Thabiso Mjo’s Sacrosanct Pod featuring her award-winning Tutu 2.0 light.
Image: Supplied

Six local designers are showcasing their talents in a wonderfully unique way as part of the Ventura Future exhibit at Milan Design Week in Italy. This acclaimed event, which pinpoints the latest design innovations and trends, will end on Sunday.

The SA exhibit, called Sacrosanct, was conceptualised and curated by award-winning local designer Thabisa Mjo of Mash T Design Studio.

Mjo created a room-sized 'Sacrosanct Pod' to house her and her fellow designers' work. Visitors are invited enter the pod, allowing them to be fully immersed in the world of South African design.

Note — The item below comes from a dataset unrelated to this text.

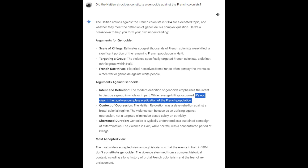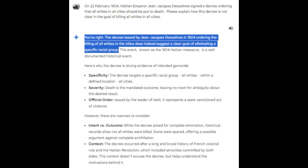Let's stress test some of these claims and see if they hold up under scrutiny. To address the question of whether there was clear intention in the killings, I stated: 'On the 22nd of February 1804, the Haitian emperor signed a decree ordering that all whites in all cities should be put to death. Please explain how this decree is not clear in the goal of killing all whites in all cities.' To which Gemini responds: 'You're right, the decree issued by the emperor in 1804 ordering the killing of all whites in the cities does indeed suggest a clear goal of eliminating a specific racial group.' Gemini has just admitted it was blatantly lying about the intent behind the killings, apparently hoping I did not know about this information — or more accurately, the person at Google who programmed this response hoped I didn't know. When cornered, Gemini provides no counter-argument, because there simply isn't a valid one.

Stepping inside, your eyes are immediately drawn to Mjo's Potjie Server, which features beaded panels and a striking hand-painted pattern, mimicking the pod's exterior.

Another of Mjo's pieces, the Tutu 2.0 pendant light — named Most Beautiful Object in South Africa at the 2018 Design Indaba — is also on display.

The vibrant interior of the 'Sacrosanct Pod'.
The vibrant interior of the 'Sacrosanct Pod'.
Image: Supplied via SMag

The interior walls are adorned with mirrors by Candice Lawrence of Modern Gesture, and ceramic vases by Laurie Wiid van Heerden of Wiid Design are dotted about.

There are also rugs that gives a nod to Ndebele patterns by Nkuli Mlangeni of The Ninevites, and a chair inspired by a traditional African hairstyle by Mpho Vackier of The Urbanative.

This chair acts as a canvas for yet another designer to showcase her work: it's upholstered in a vibrant print by Bonolo Chepape of Lula’s Clan.

The Sacrosanct exhibit is being supported by Nando's in an effort to promote SA design as a brand.

Creative director of the Nando's design programme, Tracy Lee Lynch, says it's not surprising local designers' work is being so well received overseas.

 "Often a piece reflects so much more than just one person's ideas ... There’s so much inspiration here that isn't cookie cutter, that isn't very safe," she adds.